Monday, 29 February 2016

Trapped




I'd write a lot more about Trapped if I hadn't just written about Fortitude. Fortitude kind of stole Trapped's thunder. Which is a shame, because despite certain similarities, Trapped is far better.

I used Fortitude as an excuse to write about Iceland, since the majority of Fortitude was filmed there. Whereas Trapped is Icelandic through and through, born and bred, in word and image. It's set in a seaport as remote as Fortitude. (It's possibly even the same seaport used in Fortitude.) A torso is found in the water just as a ferry docks from Denmark. Then a snowstorm hurtles in, cutting off the community and leaving everyone trapped, with a murderer possibly still in their midst.



Five episodes in, and the town has no power supply or phone network after an elderly delinquent set off an avalanche. The only people still with light are the sailors on the ferry; everyone else has cosy candles. But the geothermal activity is keeping the swimming pool and sports hall heated and the showers steaming hot. For now.

As in Fortitude, there are sexual shenanigans, slightly feral children, corrupt politicians, ambitious redevelopment projects, actors from The Killing, women who never wear hats in snow, bad fish, illegal drugs, revolting things happening in sheds, dodgy foreigners, and brooding policemen with issues. The latter, Andri, a great big bearded bear of a man, has apparently become a sex symbol. Cuddly, yes, but sexy? Well, there never has been much accounting for taste. But you do like him, and want him to find happiness. He still wears his wedding ring, but his ex-wife has moved on so far that she thinks it's perfectly OK to come to stay with him and their daughters with her new partner. Andri must be grateful for the distraction the murder then provides.



The police department is as small and isolated as the one on Fortitude, and the HQ in Reykjavik can't get any reinforcements through. The coppers are not incompetent, but would surely save themselves a lot of hassle (death, injury and theft, for example) if they could just get their holding cell kitted out with a potty.

That said, it seems the local community know more about what is happening in the case than the police. Even after Twitter crashes. I am not quite sure who the mole is, but everybody knows everybody's business without anyone seemingly being told. It's like the facts osmose through the ether, or through the pipes like all that geothermally heated water.
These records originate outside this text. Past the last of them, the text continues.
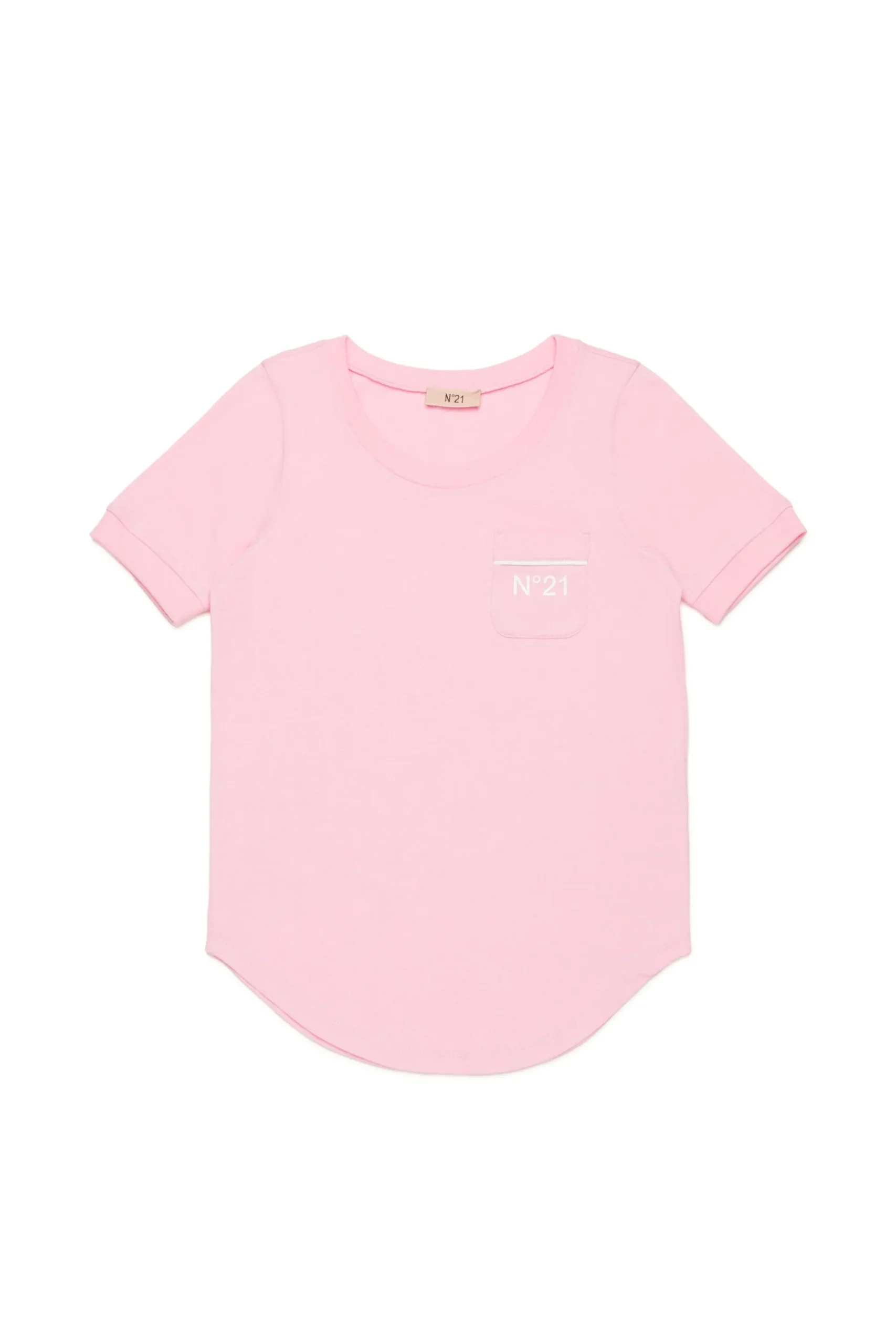 T-Shirts>N°21 T-shirt with rounded bottom pink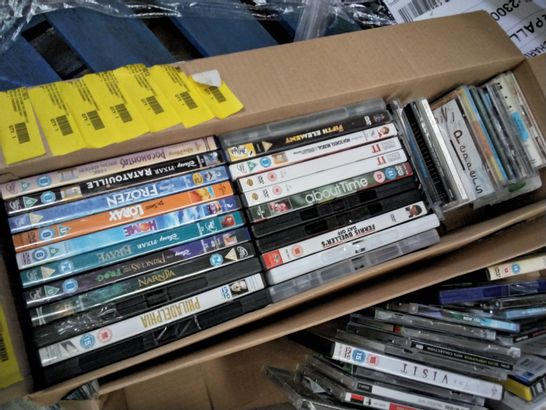 TWO BOXES, APPROXIMATELY 55 ASSORTED DVD's & CD's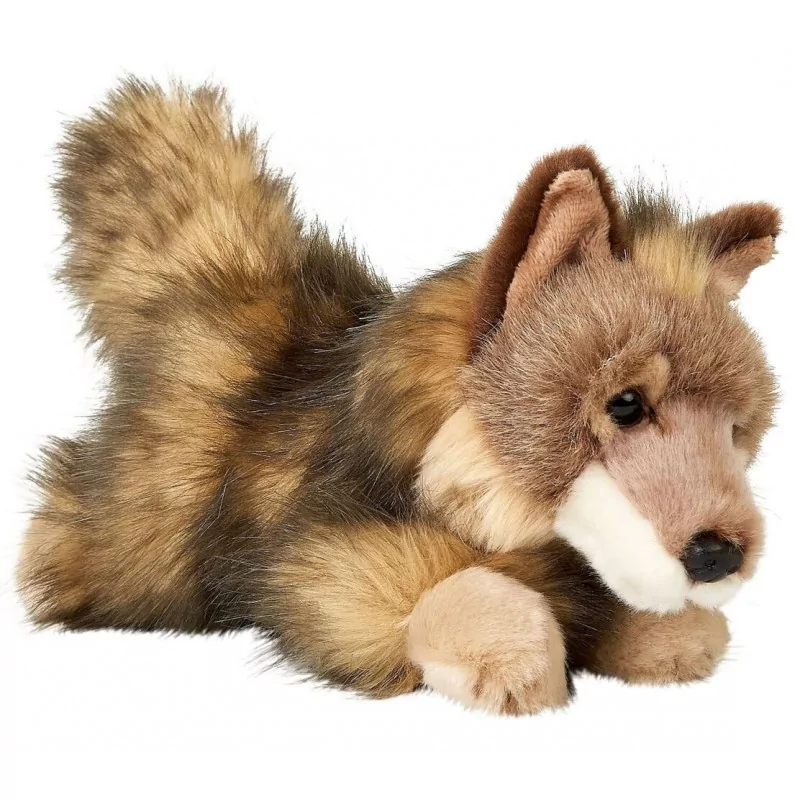 Peluche Louveteau couché - 24 cm -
Maybe the information comes from the old guy in the wheelchair, who spies on the town through a telescope in his farmhouse up on high. He sees the mayor beating and raping his wife, the town bureaucrats arguing, the policewoman offering the trafficked African girls a safe haven, and her husband growing weed.
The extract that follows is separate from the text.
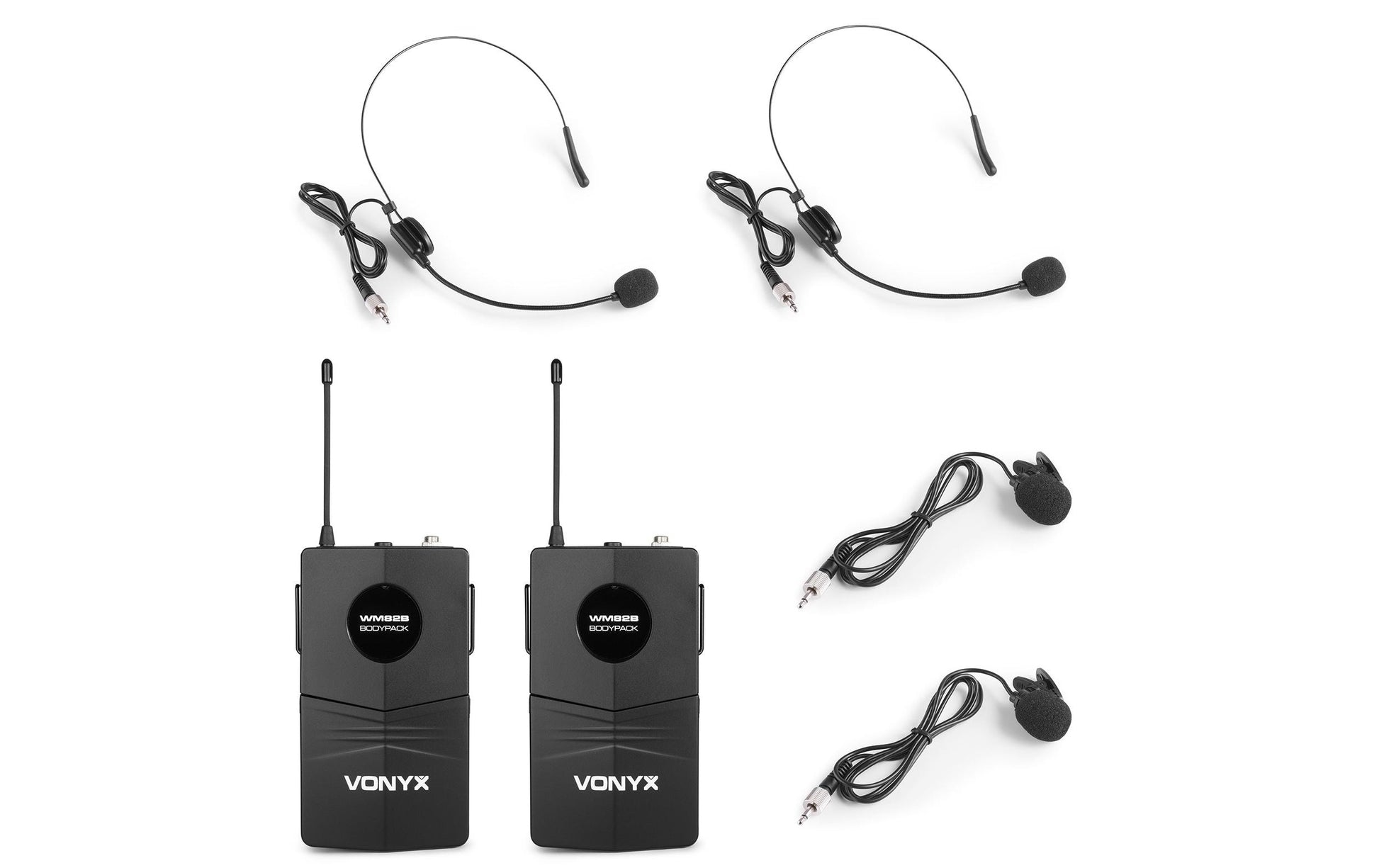 Vonyx WM82B Lavaliermikrofon 2er-Set – 6,3 mm Klinke/XLR, Kabellos (863,1–864,5 MHz), Niere, 30–20'000 Hz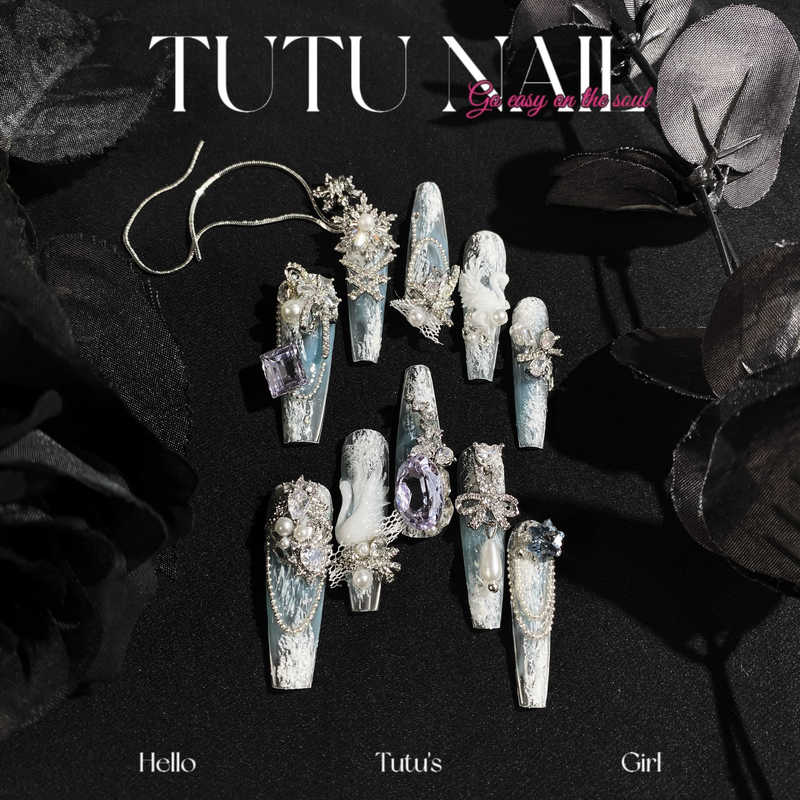 【Swan Lake】Tutu Nail Handmade Wearable Detachable Nail Art Luxurious Heavy Craft Long T-Tip Chain Ice Transparent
I hope that Trapped will carry on in a similar vein, slow-paced but gripping. There is much left to reveal, and I trust that it will be, as the darkness returns to light. There's not only the current murders, but also the past too - who set the fire that killed Andri's wife's sister and maimed her boyfriend? Is it the same arsonist who just did for the mayor in his shed? Only please let the explanation have nothing to do with parasitic wasps.